◆ **EXTRACTED DATA**

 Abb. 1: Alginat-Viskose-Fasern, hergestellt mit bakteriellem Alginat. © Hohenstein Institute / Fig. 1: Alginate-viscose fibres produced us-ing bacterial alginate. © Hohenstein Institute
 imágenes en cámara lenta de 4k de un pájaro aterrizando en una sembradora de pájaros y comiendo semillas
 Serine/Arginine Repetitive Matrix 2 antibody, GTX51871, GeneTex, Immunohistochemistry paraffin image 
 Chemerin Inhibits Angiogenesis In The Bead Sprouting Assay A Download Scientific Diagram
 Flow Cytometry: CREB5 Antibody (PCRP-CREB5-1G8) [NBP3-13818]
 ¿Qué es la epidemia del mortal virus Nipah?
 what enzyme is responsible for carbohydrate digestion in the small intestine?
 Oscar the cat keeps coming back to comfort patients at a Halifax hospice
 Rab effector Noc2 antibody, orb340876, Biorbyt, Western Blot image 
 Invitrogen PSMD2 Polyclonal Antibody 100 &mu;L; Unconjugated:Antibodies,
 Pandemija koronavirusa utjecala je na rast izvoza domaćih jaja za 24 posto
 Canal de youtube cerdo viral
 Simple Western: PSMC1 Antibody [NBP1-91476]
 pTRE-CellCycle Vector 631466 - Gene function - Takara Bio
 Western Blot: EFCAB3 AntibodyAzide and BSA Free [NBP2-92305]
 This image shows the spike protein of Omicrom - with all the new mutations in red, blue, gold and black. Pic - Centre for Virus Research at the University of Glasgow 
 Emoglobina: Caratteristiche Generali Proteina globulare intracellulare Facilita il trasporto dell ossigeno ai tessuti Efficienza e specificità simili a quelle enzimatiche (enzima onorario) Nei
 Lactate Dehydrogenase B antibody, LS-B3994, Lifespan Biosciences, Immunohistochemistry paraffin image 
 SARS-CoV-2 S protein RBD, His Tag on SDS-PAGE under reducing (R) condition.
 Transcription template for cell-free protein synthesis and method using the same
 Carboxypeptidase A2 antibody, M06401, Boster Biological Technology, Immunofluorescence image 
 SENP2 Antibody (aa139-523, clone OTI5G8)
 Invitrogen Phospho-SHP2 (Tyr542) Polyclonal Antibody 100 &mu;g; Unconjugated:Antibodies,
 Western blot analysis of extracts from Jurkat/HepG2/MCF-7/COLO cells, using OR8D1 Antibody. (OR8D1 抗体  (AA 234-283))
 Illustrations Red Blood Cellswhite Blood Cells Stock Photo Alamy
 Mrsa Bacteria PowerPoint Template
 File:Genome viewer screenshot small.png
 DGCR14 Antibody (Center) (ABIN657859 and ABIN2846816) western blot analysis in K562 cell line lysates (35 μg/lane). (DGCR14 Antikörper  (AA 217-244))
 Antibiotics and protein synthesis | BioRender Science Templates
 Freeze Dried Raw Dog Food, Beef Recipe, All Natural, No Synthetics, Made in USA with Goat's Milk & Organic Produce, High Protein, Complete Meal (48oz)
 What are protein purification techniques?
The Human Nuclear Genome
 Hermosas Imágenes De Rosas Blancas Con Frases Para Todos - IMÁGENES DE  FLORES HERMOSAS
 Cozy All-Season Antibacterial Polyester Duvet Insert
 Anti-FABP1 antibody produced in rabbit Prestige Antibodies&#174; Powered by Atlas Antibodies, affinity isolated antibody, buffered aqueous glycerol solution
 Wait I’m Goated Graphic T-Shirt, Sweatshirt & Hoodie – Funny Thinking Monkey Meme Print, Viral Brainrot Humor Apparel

◆ **EXERCISE GOAL**
Copy out, from the records above, every line that holds the string "using".

◆ **ANSWER TO THIS PROBLEM**
 Transcription template for cell-free protein synthesis and method using the same
 Western blot analysis of extracts from Jurkat/HepG2/MCF-7/COLO cells, using OR8D1 Antibody. (OR8D1 抗体  (AA 234-283))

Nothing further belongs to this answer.